Ordinarily, fixed wing aircraft require the use of a tailhook and arresting three/four arresting cables to safely come to a halt aboard the deck of an aircraft carrier. Jets like the AV-8B Harrier II, currently in use with the United States Marine Corps, don’t have the luxury of a dedicated angled deck for landing, as their strike fighter brethren do with the supercarriers of the United States Navy. So instead, Marine aviators make use of the AV-8B’s ability to hover using vectored thrust, emanating from a set of nozzles on both sides of the fuselage. The pilot slows down to a hover on the port (left) side of the amphibious assault ship that he’s about to land on, then nudges himself over the deck, decreases power steadily until he drops down, and then cuts it altogether to complete the landing.

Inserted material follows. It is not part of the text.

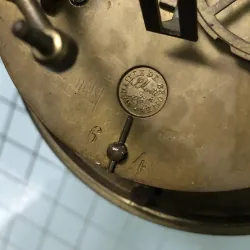 Đh để bàn mặt men chân quì 961030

While this is quite effective and efficient, at least for the Marine Corps’ purposes, such a system for aircraft capable of short/vertical takeoff and landing (STOVL) can actually be improved to a degree.

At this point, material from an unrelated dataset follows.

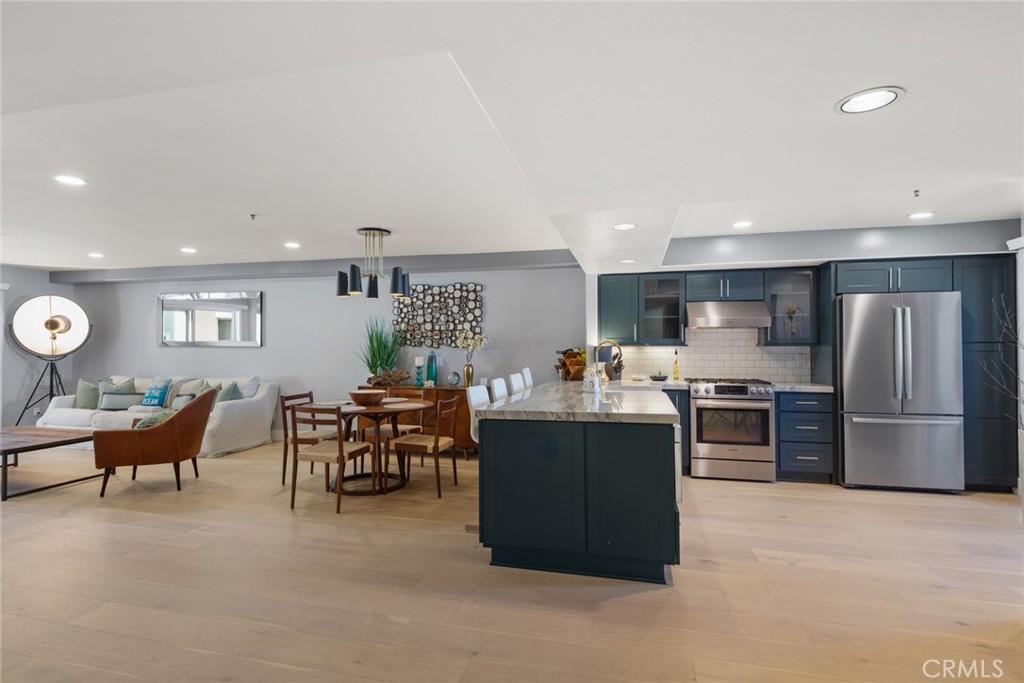 200 Pacific Coast Highway 211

At least that’s what the Soviet Union found out, back in the 1970s and 1980s with their Yak-38 Forger VTOL carrier-based fighters. Using what we today call the “shipborne rolling vertical landing” (SRVL) technique, the Soviet Navy’s pilots performed something very similar to a traditional rolling landing on the decks of the Kiev class of aircraft carriers, realizing that ending a sortie with such a recovery would actually give them substantially improved ranges, especially considering the fact that the Forger used not one but three engines to give it its VTOL capabilities, all of which were incredibly fuel-thirsty. Though the days of the Forger have been over since the early 90s, the British Royal Navy intends on bringing back the SRVL technique for use with their new Queen Elizabeth class carriers, and the F-35B Lightning II, the next-generation STOVL stealth fighter that’ll function as the Fleet Air Arm’s primary combat aircraft going into the future.

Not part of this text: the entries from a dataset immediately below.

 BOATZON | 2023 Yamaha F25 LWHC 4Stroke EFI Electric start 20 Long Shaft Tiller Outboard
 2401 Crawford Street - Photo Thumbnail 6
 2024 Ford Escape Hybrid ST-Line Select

Previously tested by QinetiQ, a UK-based multinational defense contractor, on a modified Harrier II in 2007-08, the SRVL is absolutely feasible for the Royal Navy. Instead of entering a full hover with no forward motion prior to landing, the aircraft will approach the flight deck with the F-35B’s onboard computers controlling the vectoring nozzles in such a way that the wings still maintain lift, though barely above stall speed, and the aircraft still registers a hover, though it’s more of a very controlled descent than anything else. Upon touching down on the flight deck, the aircraft will continue rolling, just as though it executed a regular land-based recovery, but will use disc brakes within the landing gear to come to a full stop. Not only does this allow for improved range, it also allows the aircraft to recover with a larger weapons and fuel load. The wear and tear inflicted on the engine is also greatly reduced, and the landing surfaces of the carrier aren’t as affected as they would be during a direct hover landing, especially taking the brunt of vented thrust from the F-35’s powerful main engine. Lockheed Martin was awarded a $13 million USD contract to develop the specialized software necessary for SRVL recoveries, along with BAE Systems and Northrop Grumman acting as the junior contractors on the job. Additionally, the Queen Elizabeth ships will need a lighting system installed on the flight deck to determine the appropriate touchdown points in nighttime and low visibility conditions. The Royal Navy expects its F-35Bs to achieve initial operating capability by 2018, and the HMS Queen Elizabeth, the lead carrier of the two-ship class, will enter full-fledged service by 2020.